Your goal -
Write each entry out again, exactly as it is written.

Dataset records -
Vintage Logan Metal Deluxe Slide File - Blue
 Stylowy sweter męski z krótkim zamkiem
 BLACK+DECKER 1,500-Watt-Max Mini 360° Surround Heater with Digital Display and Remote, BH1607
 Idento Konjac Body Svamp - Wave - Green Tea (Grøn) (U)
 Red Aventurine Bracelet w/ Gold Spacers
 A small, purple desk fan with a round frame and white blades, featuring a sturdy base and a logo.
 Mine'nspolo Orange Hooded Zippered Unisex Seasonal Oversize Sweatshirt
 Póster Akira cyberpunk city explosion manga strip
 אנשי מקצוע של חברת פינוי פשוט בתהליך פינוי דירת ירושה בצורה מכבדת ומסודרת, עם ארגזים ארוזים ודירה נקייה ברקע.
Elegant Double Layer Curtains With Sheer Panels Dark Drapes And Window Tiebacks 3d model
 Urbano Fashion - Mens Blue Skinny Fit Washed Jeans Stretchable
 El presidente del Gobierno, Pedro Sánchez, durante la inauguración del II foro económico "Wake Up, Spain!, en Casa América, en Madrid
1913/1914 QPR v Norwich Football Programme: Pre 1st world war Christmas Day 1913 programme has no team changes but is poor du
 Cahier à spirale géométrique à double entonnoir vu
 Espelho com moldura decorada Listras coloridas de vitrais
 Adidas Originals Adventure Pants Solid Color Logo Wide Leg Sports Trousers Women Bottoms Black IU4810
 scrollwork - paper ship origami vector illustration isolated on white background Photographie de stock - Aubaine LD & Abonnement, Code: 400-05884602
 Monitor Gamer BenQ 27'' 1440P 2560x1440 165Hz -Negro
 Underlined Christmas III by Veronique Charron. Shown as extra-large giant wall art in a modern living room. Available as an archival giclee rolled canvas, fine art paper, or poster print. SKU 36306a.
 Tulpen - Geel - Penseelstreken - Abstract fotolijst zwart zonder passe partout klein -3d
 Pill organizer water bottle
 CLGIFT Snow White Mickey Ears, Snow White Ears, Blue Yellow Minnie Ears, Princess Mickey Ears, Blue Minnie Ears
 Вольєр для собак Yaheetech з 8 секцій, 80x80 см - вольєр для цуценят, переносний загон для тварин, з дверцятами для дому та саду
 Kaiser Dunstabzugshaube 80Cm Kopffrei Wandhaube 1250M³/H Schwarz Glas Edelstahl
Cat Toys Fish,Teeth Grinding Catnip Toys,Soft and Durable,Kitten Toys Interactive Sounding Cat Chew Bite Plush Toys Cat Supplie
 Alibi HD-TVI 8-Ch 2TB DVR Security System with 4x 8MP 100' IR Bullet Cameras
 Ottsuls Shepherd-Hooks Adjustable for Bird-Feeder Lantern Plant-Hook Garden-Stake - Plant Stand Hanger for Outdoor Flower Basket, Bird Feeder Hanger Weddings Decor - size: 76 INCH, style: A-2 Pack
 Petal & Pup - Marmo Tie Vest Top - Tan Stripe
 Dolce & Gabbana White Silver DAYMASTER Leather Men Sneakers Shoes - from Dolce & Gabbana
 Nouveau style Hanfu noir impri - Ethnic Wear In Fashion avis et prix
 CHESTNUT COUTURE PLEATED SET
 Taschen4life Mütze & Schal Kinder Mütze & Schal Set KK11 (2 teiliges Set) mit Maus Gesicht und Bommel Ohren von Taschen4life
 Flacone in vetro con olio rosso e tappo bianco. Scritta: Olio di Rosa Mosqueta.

Task answer -
Vintage Logan Metal Deluxe Slide File - Blue
 Stylowy sweter męski z krótkim zamkiem
 BLACK+DECKER 1,500-Watt-Max Mini 360° Surround Heater with Digital Display and Remote, BH1607
 Idento Konjac Body Svamp - Wave - Green Tea (Grøn) (U)
 Red Aventurine Bracelet w/ Gold Spacers
 A small, purple desk fan with a round frame and white blades, featuring a sturdy base and a logo.
 Mine'nspolo Orange Hooded Zippered Unisex Seasonal Oversize Sweatshirt
 Póster Akira cyberpunk city explosion manga strip
 אנשי מקצוע של חברת פינוי פשוט בתהליך פינוי דירת ירושה בצורה מכבדת ומסודרת, עם ארגזים ארוזים ודירה נקייה ברקע.
Elegant Double Layer Curtains With Sheer Panels Dark Drapes And Window Tiebacks 3d model
 Urbano Fashion - Mens Blue Skinny Fit Washed Jeans Stretchable
 El presidente del Gobierno, Pedro Sánchez, durante la inauguración del II foro económico "Wake Up, Spain!, en Casa América, en Madrid
1913/1914 QPR v Norwich Football Programme: Pre 1st world war Christmas Day 1913 programme has no team changes but is poor du
 Cahier à spirale géométrique à double entonnoir vu
 Espelho com moldura decorada Listras coloridas de vitrais
 Adidas Originals Adventure Pants Solid Color Logo Wide Leg Sports Trousers Women Bottoms Black IU4810
 scrollwork - paper ship origami vector illustration isolated on white background Photographie de stock - Aubaine LD & Abonnement, Code: 400-05884602
 Monitor Gamer BenQ 27'' 1440P 2560x1440 165Hz -Negro
 Underlined Christmas III by Veronique Charron. Shown as extra-large giant wall art in a modern living room. Available as an archival giclee rolled canvas, fine art paper, or poster print. SKU 36306a.
 Tulpen - Geel - Penseelstreken - Abstract fotolijst zwart zonder passe partout klein -3d
 Pill organizer water bottle
 CLGIFT Snow White Mickey Ears, Snow White Ears, Blue Yellow Minnie Ears, Princess Mickey Ears, Blue Minnie Ears
 Вольєр для собак Yaheetech з 8 секцій, 80x80 см - вольєр для цуценят, переносний загон для тварин, з дверцятами для дому та саду
 Kaiser Dunstabzugshaube 80Cm Kopffrei Wandhaube 1250M³/H Schwarz Glas Edelstahl
Cat Toys Fish,Teeth Grinding Catnip Toys,Soft and Durable,Kitten Toys Interactive Sounding Cat Chew Bite Plush Toys Cat Supplie
 Alibi HD-TVI 8-Ch 2TB DVR Security System with 4x 8MP 100' IR Bullet Cameras
 Ottsuls Shepherd-Hooks Adjustable for Bird-Feeder Lantern Plant-Hook Garden-Stake - Plant Stand Hanger for Outdoor Flower Basket, Bird Feeder Hanger Weddings Decor - size: 76 INCH, style: A-2 Pack
 Petal & Pup - Marmo Tie Vest Top - Tan Stripe
 Dolce & Gabbana White Silver DAYMASTER Leather Men Sneakers Shoes - from Dolce & Gabbana
 Nouveau style Hanfu noir impri - Ethnic Wear In Fashion avis et prix
 CHESTNUT COUTURE PLEATED SET
 Taschen4life Mütze & Schal Kinder Mütze & Schal Set KK11 (2 teiliges Set) mit Maus Gesicht und Bommel Ohren von Taschen4life
 Flacone in vetro con olio rosso e tappo bianco. Scritta: Olio di Rosa Mosqueta.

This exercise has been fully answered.